In Berlin bildeten am Sonntag 9.000 Menschen eine bunte, 6,5 Kilometer lange Menschenkette von Kreuzberg bis zum Roten Rathaus. Zahlreiche Prominente reihten sich ein, darunter Landesbischof Markus Dröge und Barbara John, die Vorstandsvorsitzende des Paritätischen Berlin. Der DGB-Vorsitzende Reiner Hoffmann sprach auf dem Oranienplatz: „Die große Mehrheit in Deutschland steht für Weltoffenheit und Menschlichkeit, nicht für dumpfen Rassismus. Wir haben es heute bewiesen, und werden es immer wieder beweisen – mit unserer täglichen Unterstützung für die Geflüchteten, ob Zuhause oder im Betrieb.“

„Wir sagen Nein zu Hass und Ausgrenzung!“

Uwe Hiksch, Mitglied des Bundesvorstands der NaturFreunde Deutschlands und Anmelder der Menschenkette in Berlin, begründet das Engagement der vielen Menschen: „Gemeinsam mit Zehntausenden sind wir NaturFreunde auf die Straße gegangen, um gegen Rassismus, Fremdenfeindlichkeit und Ausgrenzung zu demonstrieren. Wir nehmen nicht hin, dass Angriffe auf Menschen mit Migrationshintergrund zunehmen und andere Menschen wegen ihrer religiösen Überzeugung ausgegrenzt werden. Wir sagen Nein zu Hass und Ausgrenzung!“

Das Bündnis kritisiert, dass sich in Deutschland zwar Hunderttausende Menschen für die Aufnahme von Geflüchteten engagierten, diese gleichzeitig aber immer häufiger auf offener Straße beschimpft und angegriffen würden. Der zunehmende Rassismus in der Gesellschaft richtet sich zudem immer häufiger auch gegen Helfer, Menschen anderer Hautfarbe und Religionen, Lesben, Schwule und Transgender sowie Politiker, die sich für eine demokratischen und friedliche Gesellschaft und den Schutz von Minderheiten engagieren. Der gesellschaftliche Zusammenhalt und die demokratischen Grundwerte würden auf die Probe gestellt, Europa schotte sich immer weiter ab.

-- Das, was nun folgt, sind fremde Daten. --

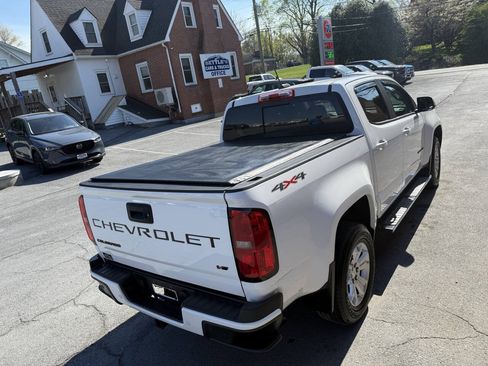 Used 2022 Chevrolet Colorado LT w/ Luxury Package AWD/4WD image 4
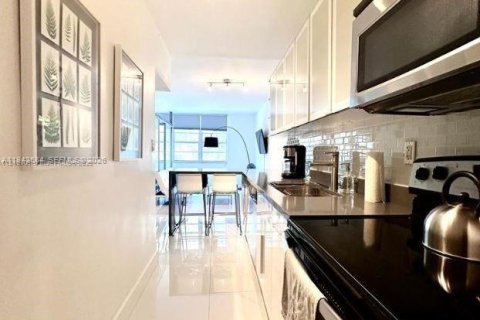 Condominio en venta en Miami Beach, Florida, 1 dormitorio, 51.1 m2 № 2152796 - foto 14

In einem großen Kreis durch die Innenstadt verknüpfte die Menschenkette in München mit 6.000 Teilnehmern trotz strömenden Regens die israelische Kultusgemeinde, das Forum für Islam, zwei Kirchen, das Flüchtlingszentrum Bellevue di Monaco und das schwule Kommunikationszentrum Sub.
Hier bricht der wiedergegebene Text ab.